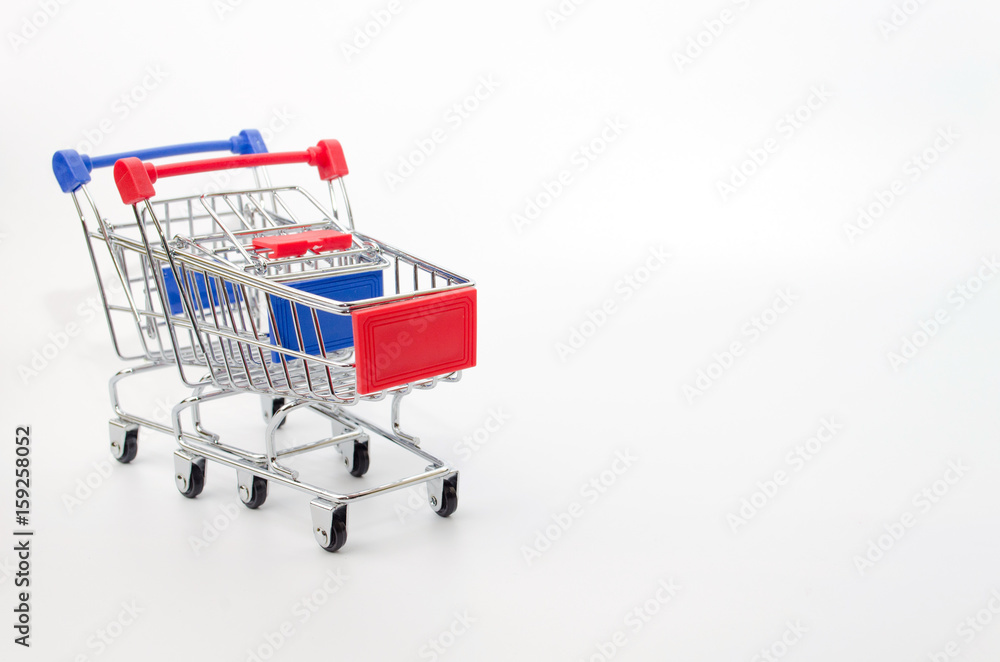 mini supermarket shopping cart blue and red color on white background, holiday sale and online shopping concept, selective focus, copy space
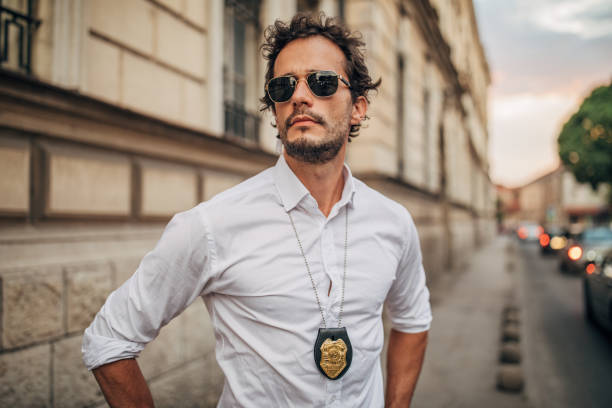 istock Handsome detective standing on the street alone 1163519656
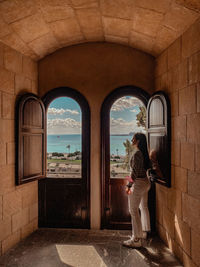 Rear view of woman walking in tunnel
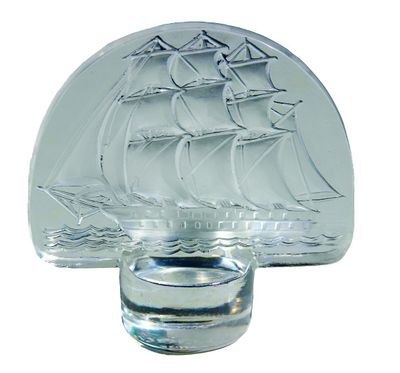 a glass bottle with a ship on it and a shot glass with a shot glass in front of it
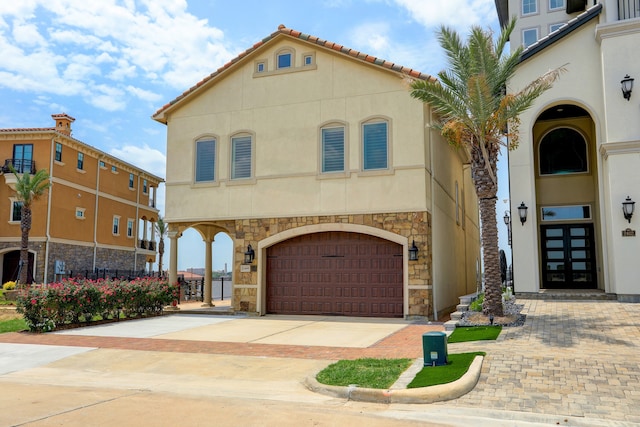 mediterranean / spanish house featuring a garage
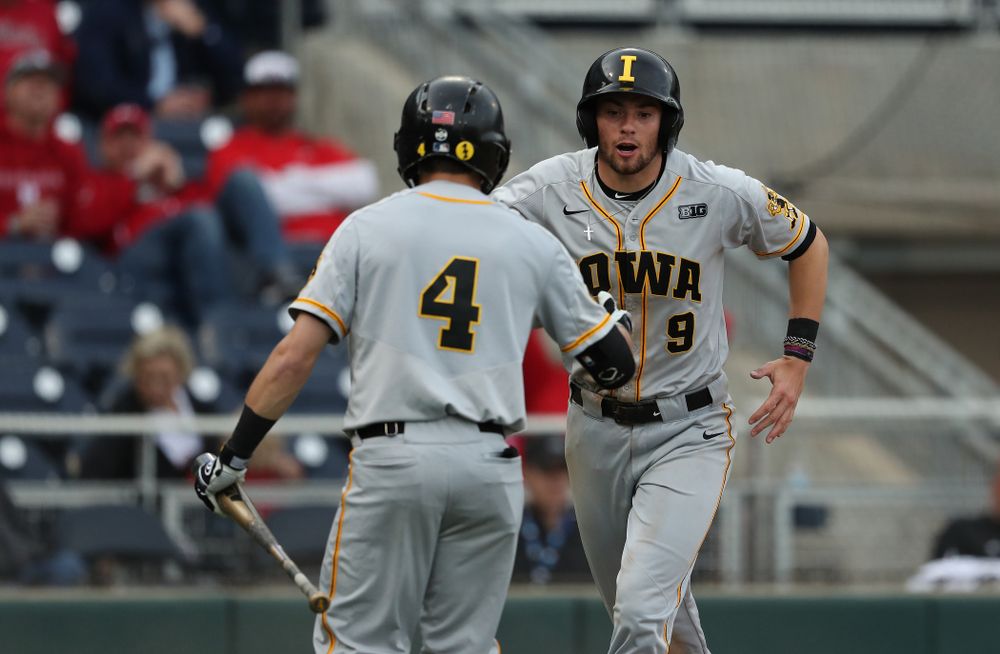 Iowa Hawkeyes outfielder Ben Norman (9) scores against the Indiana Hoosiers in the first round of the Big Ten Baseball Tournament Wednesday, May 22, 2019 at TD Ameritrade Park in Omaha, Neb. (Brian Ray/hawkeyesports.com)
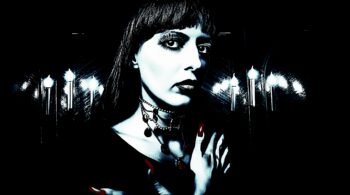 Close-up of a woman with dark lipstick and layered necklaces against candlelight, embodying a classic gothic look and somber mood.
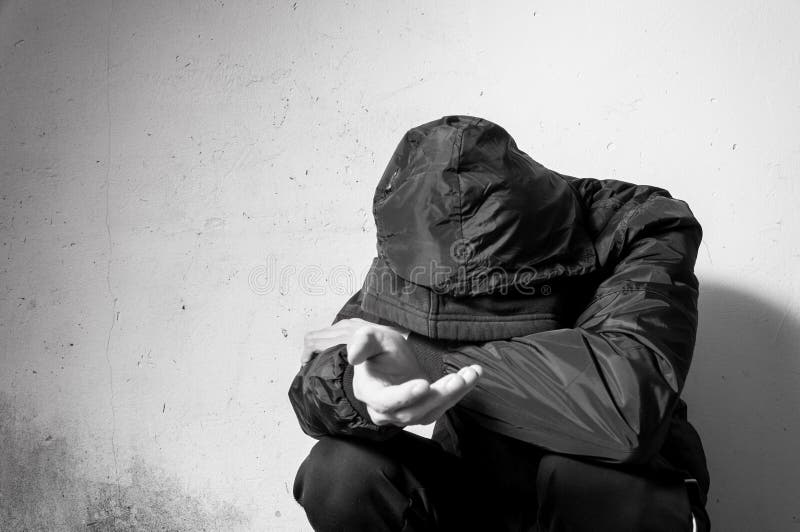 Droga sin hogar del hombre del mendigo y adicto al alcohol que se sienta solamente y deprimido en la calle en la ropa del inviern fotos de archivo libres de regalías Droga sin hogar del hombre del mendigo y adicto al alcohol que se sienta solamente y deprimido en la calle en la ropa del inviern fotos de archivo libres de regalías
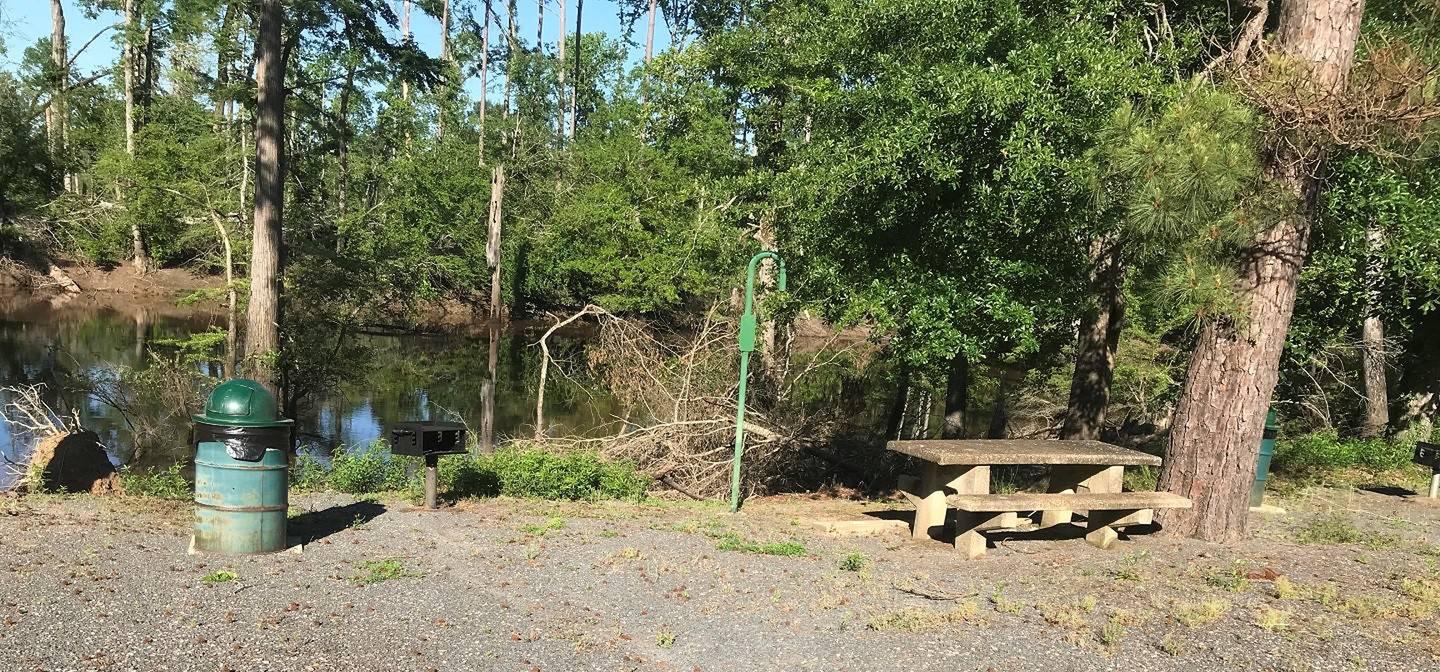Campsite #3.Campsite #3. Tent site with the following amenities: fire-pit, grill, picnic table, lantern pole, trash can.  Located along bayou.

---

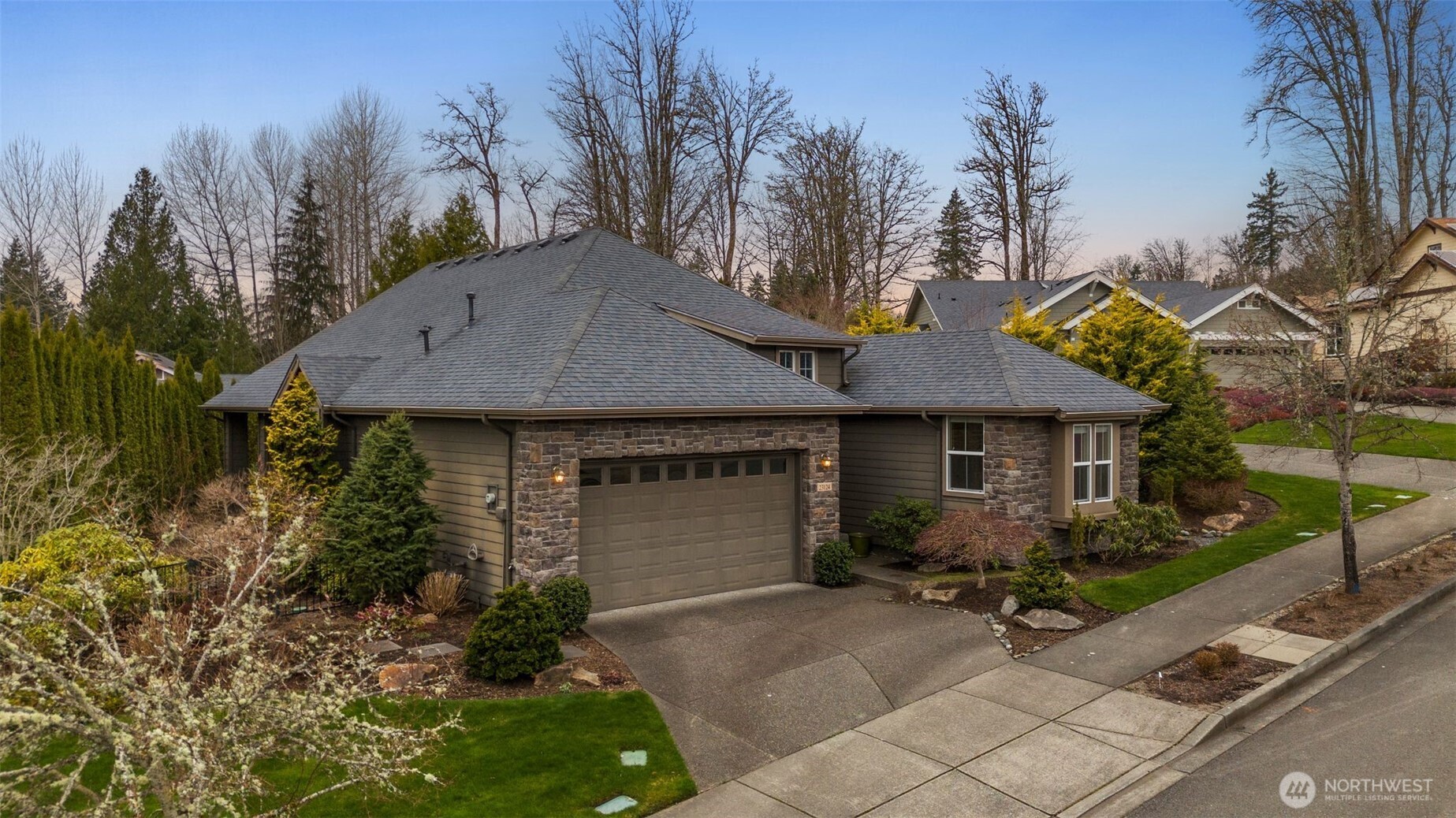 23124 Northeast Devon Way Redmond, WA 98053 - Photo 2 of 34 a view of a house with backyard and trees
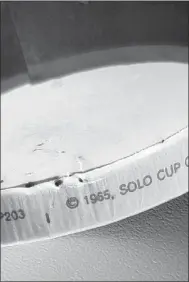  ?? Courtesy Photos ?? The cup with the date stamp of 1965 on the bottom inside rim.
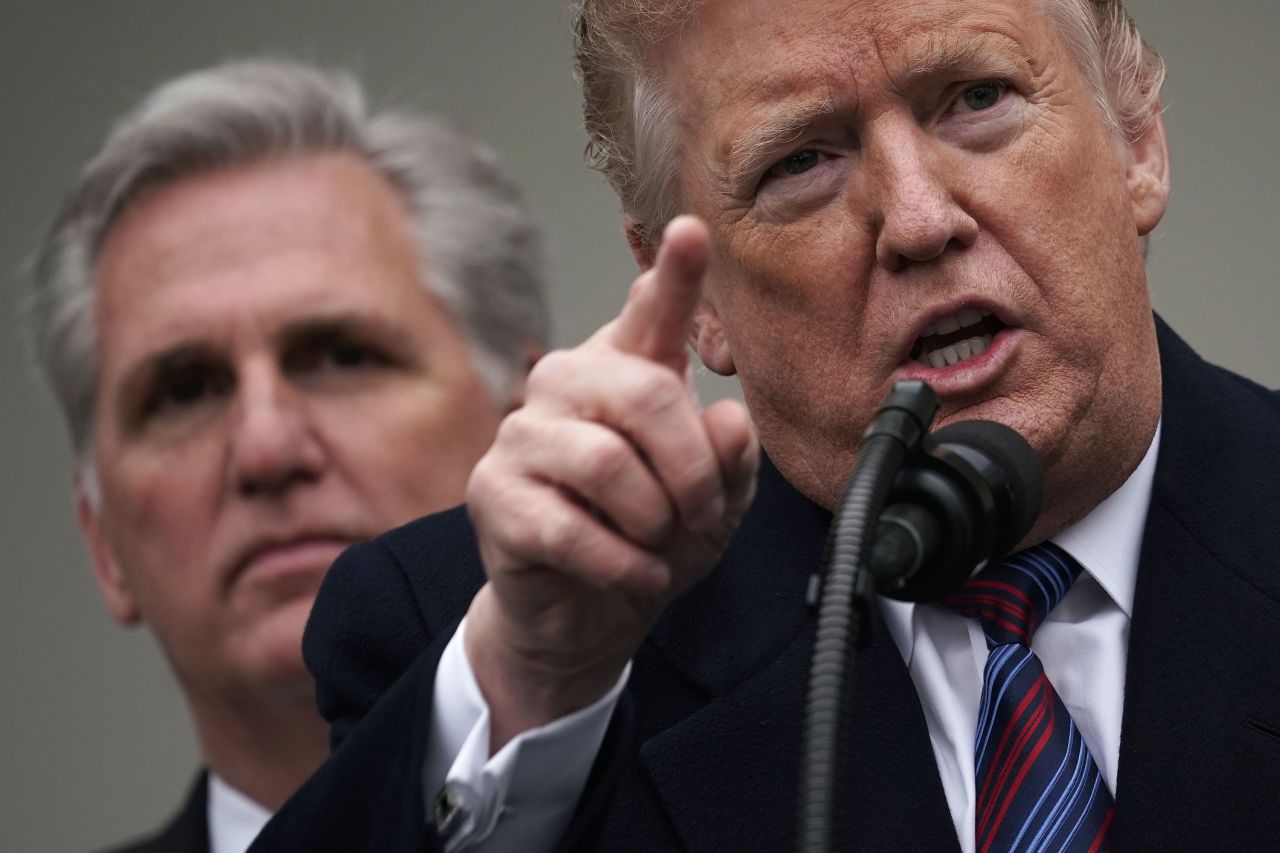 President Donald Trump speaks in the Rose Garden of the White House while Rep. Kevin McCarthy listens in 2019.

● EXERCISE
Among the entries above, take the line with "bottom inside rim.", the line with "President Donald Trump", and all the lines between them, and restate them word for word without pictures.

● EXPECTED OUTPUT
  ?? Courtesy Photos ?? The cup with the date stamp of 1965 on the bottom inside rim.
 President Donald Trump speaks in the Rose Garden of the White House while Rep. Kevin McCarthy listens in 2019.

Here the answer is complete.